«Cose nostre», le storie esemplari di chi si oppone alla ‘ndrangheta
Dopo qualche intervista a contadini si capisce subito che qui la reticenza non è solo una forma di paura o di «rispetto». È qualcosa di più antropologico, di inestirpabile. Siamo nell’Aspromonte, dove la ‘ndrangheta da secoli ha il controllo totale del territorio. Eppure.

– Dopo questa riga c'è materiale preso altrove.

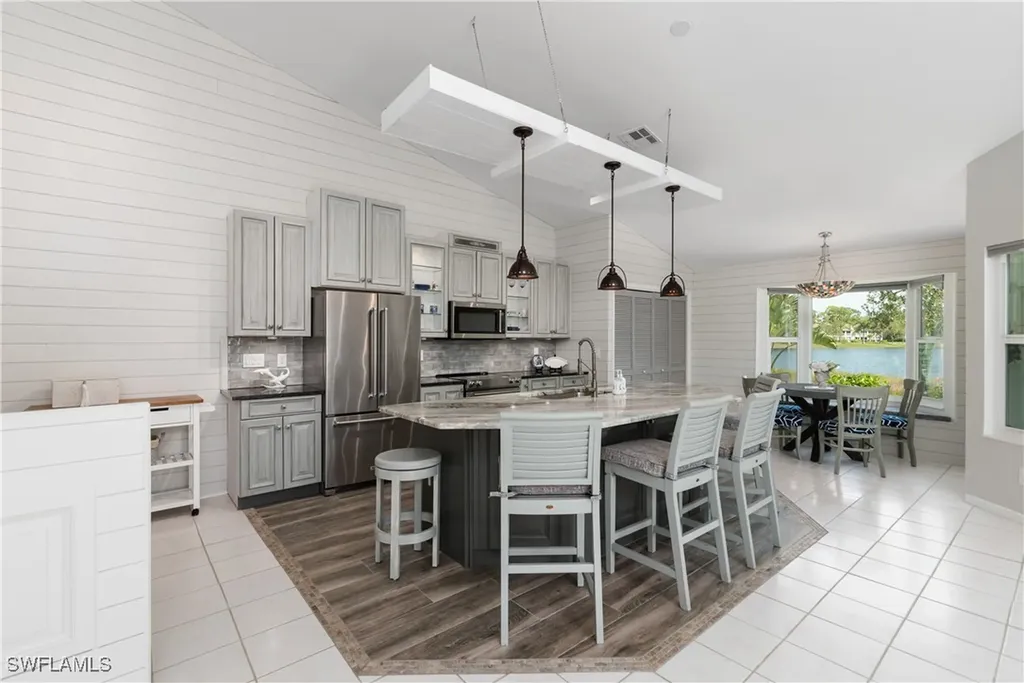 141 Bristol Lane Naples FL 34112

Eppure ci sono uomini e donne che hanno scelto di rompere a caro prezzo questo patto scellerato e le loro storie diventano esemplari. Un’esemplarità che costringe i protagonisti e la loro famiglia a una limitazione della libertà, costretti come sono a una vita sotto scorta. «Cose nostre» di Emilia Brandi ha raccontato le vicende di Viviana Balletta, Antonino De Masi, Gaetano Saffioti e Antonino Bartuccio: quattro storie poco note che hanno finalmente avuto la ribalta di Rai1 (venerdì, ore 21,28). Mi ha molto colpito la storia di Viviana Balletta, vedova di Fortunato De Rosa, oculista di Canolo ucciso nel 2005 con tre colpi di fucile perché aveva chiuso il passaggio del suo campo alle mandrie della ‘ndrangheta (le cosiddette «vacche sacre») che per una legge non scritta possono pascolare libere in ogni proprietà. Il dottore era benvoluto da tutti, spesso curava gratis i pazienti, ma appena si accenna alle cause della sua morte anche i beneficati si chiudono nel più omertoso dei silenzi. Oggi Viviana vive ancora lì, decisa a non cedere all’arroganza dei prepotenti.

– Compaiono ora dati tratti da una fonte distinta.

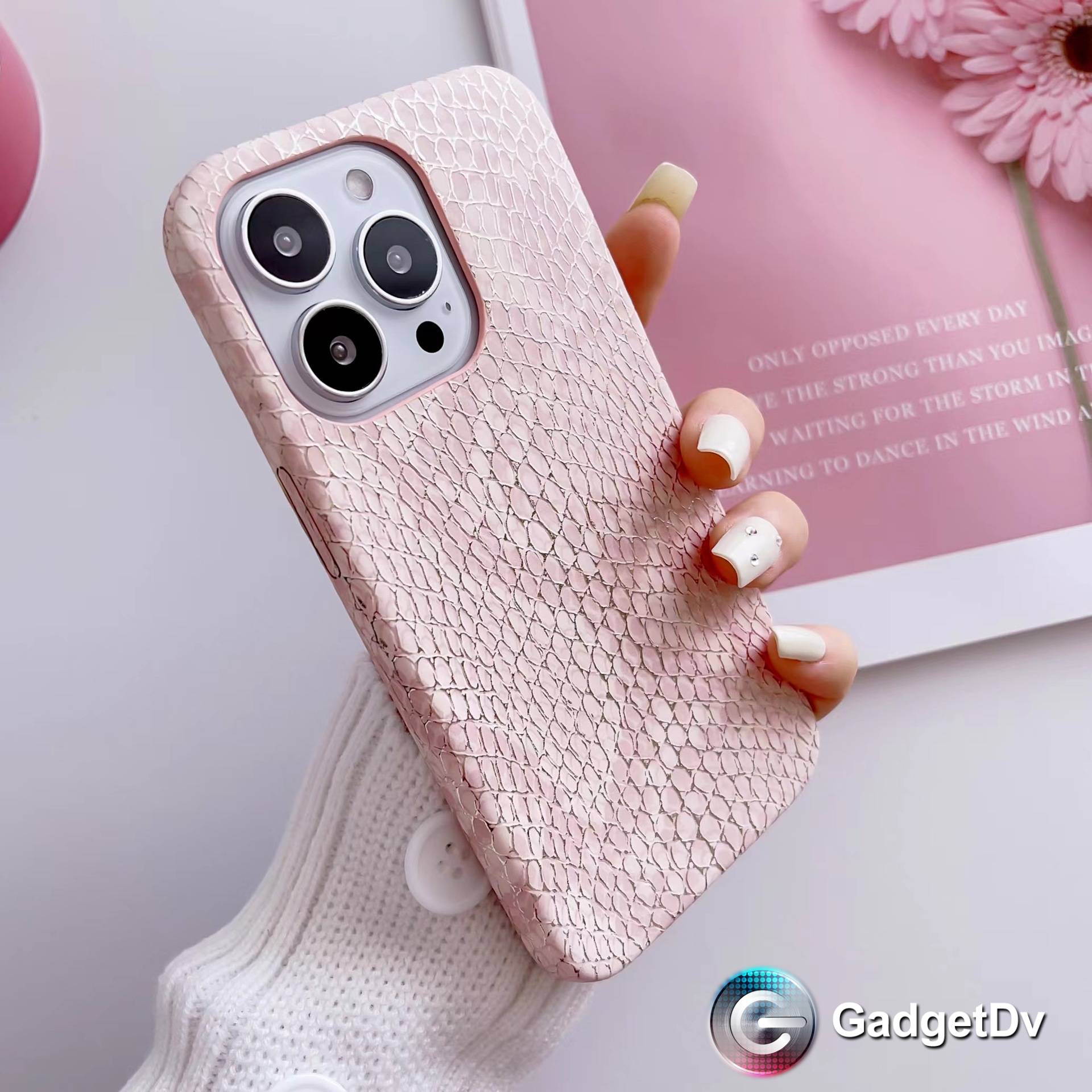 38048 iPhone 16Pro защитная крышка-чехол, змея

Antonino De Masi, imprenditore di Gioia Tauro, lavora nell’area portuale nonostante abbia subito minacce e attentati, fra cui 44 colpi di kalashnikov esplosi sul suo capannone. Gaetano Saffiotti, imprenditore edile di Palmi vive sotto scorta da 15 anni. Antonino Bartuccio, ex sindaco di Rizziconi (i consiglieri si sono tutti dimessi) aveva denunciato le ingerenze delle cosche nell’amministrazione del paese. Anche lui sotto scorta.
In alcuni frangenti, «Cose nostre» pare un po’ troppo istituzionale, ma ce ne fossero programmi come questi. E non solo in piena estate.